Neue Studie zeigt: die 60 weltweit größten Banken haben 1,35 Billionen USD in Kohle, Öl und Gas investiert | Finance Watch

Neue Studie zeigt: die 60 weltweit größten Banken haben 1,35 Billionen USD in Kohle, Öl und Gas investiert

Die zur Abdeckung des Risikos nötige Kapitalerhöhung entspricht 3-5 Monatsgewinnen von Banken

  • Eine neue Studie zeigt, dass die 60 weltweit größten Banken rund 1,35 Billionen USD in fossile Brennstoffe investiert haben – Investitionen die im Rahmen des Übergangs zu einer nachhaltigen Wirtschaft und Erreichung der Klimaneutralität zu verlieren drohen.
  • Bei den Berechnungen wurde erstmals das Kreditrisikopositionen der Banken im Bereich der fossilen Brennstoffe berücksichtigt. Dieser Betrag basiert auf Bilanzdaten per 31. Dezember 2021 und weicht von früheren Schätzungen ab, die sich auf die Finanzierungsströme von Banken stützen. Dieser Betrag gibt einen Einblick in die bestehenden Risiken, denen die Banken zu einem Stichtag ausgesetzt sind.

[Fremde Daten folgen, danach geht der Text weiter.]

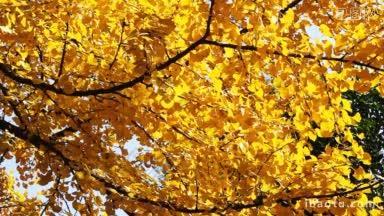 秋天，金凤花的叶子在风中摇曳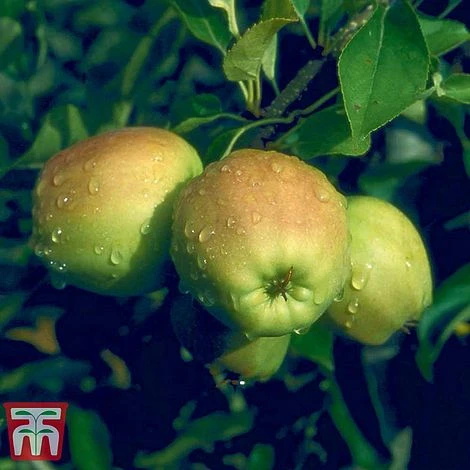 Apple 'Golden Delicious' (Mini Fruit Tree) - Image 4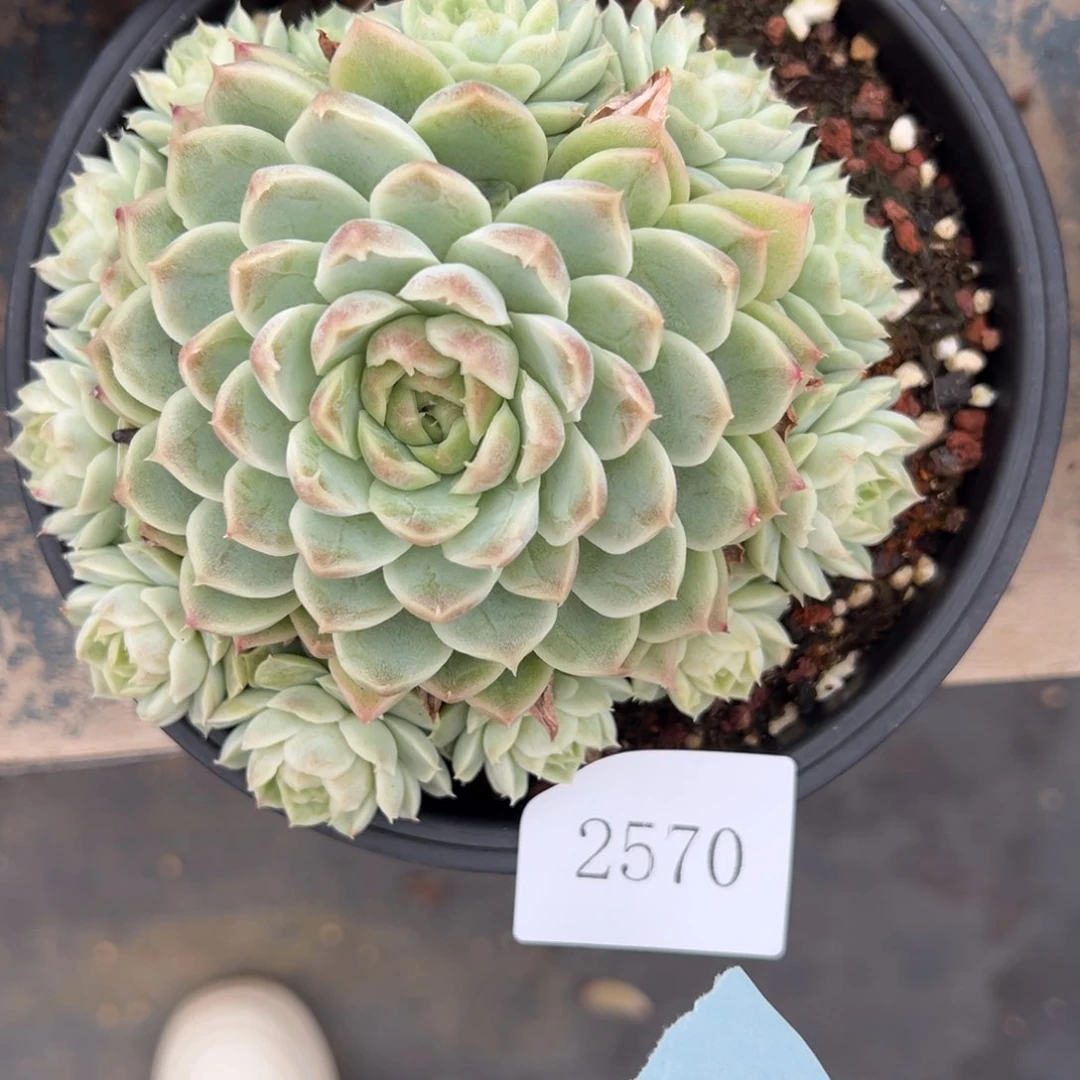 霖*月2570肉肉肉肉肉肉肉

  • Die europaweit tätige NGO Finance Watch fordert die internationalen Regulierungsbehörden auf, Maßnahmen zu ergreifen, um die Finanzstabilität zu stärken und mögliche künftige Bankrettungen auf Kosten der Steuerzahler zu vermeiden, indem die Eigenkapitalanforderungen so angepasst werden, dass sie die in Verbindung mit Finanzierungen fossiler Brennstoffe stehenden Risiken berücksichtigen.

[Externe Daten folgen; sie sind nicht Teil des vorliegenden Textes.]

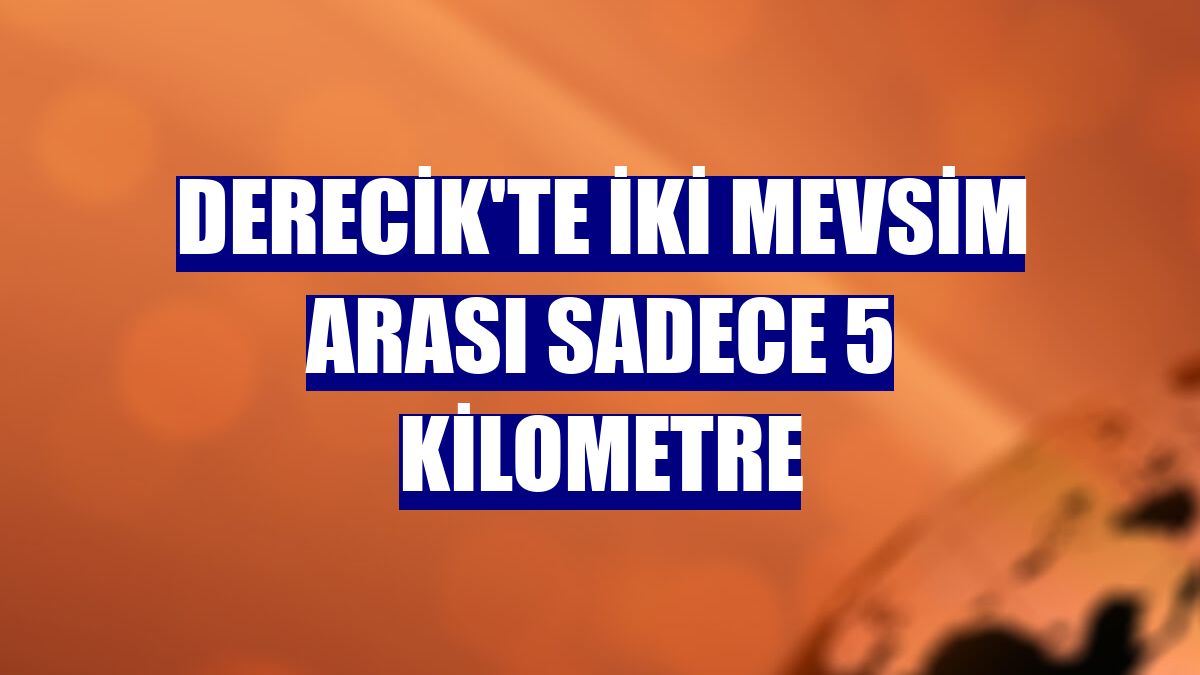 Derecik'te iki mevsim arası sadece 5 kilometre
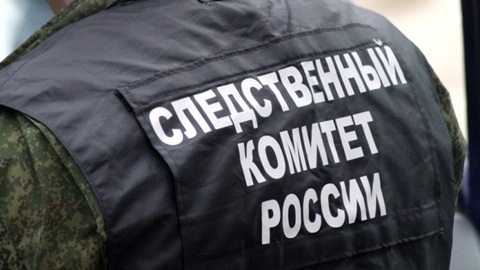 Бабушка выбросила маленькую внучку с балкона в Кстове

  • Die Studie zeigt, dass eine entsprechende Eigenkapitalerhöhung im Durchschnitt 3 bis 5 Monatsgewinne pro Bank oder zusätzliches Kapital in Höhe von 157,0 bis 210,2 Mrd. USD für die 60 weltweit größten Banken erfordern würde.

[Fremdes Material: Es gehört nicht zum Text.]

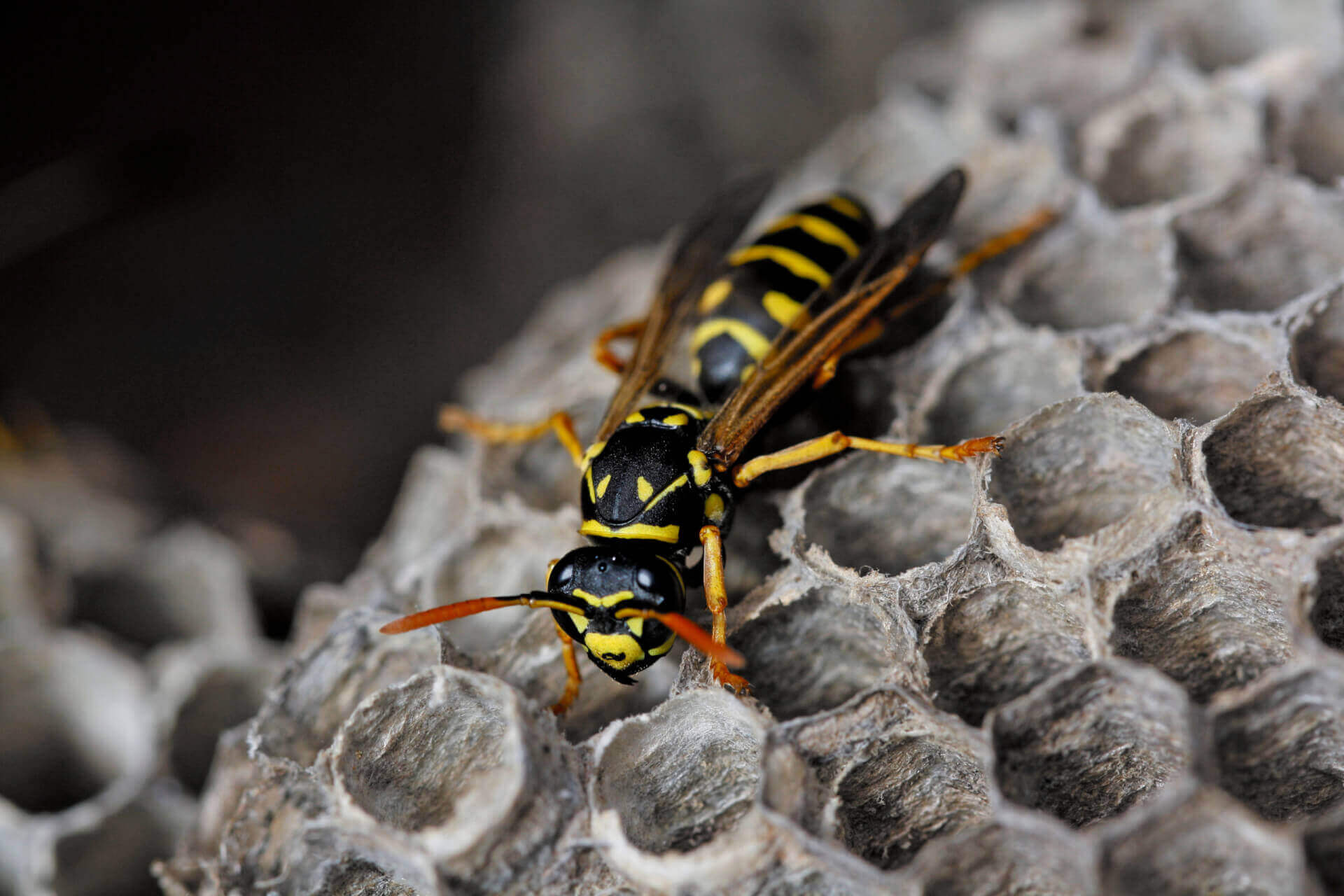 Paper Wasp Queen Identification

  • Die führenden deutschen Banken haben rund 23 Mrd. USD in fossile Brennstoffe investiert. Rund 3,2 Mrd. USD wären erforderlich, um Steuerzahler vor den Kosten künftiger Rettungsaktionen zu schützen. Dies entspricht 6,5 Monaten der Gewinne des Jahres 2021, d.h. etwas mehr als der Durchschnitt der in der Studie berücksichtigten Banken.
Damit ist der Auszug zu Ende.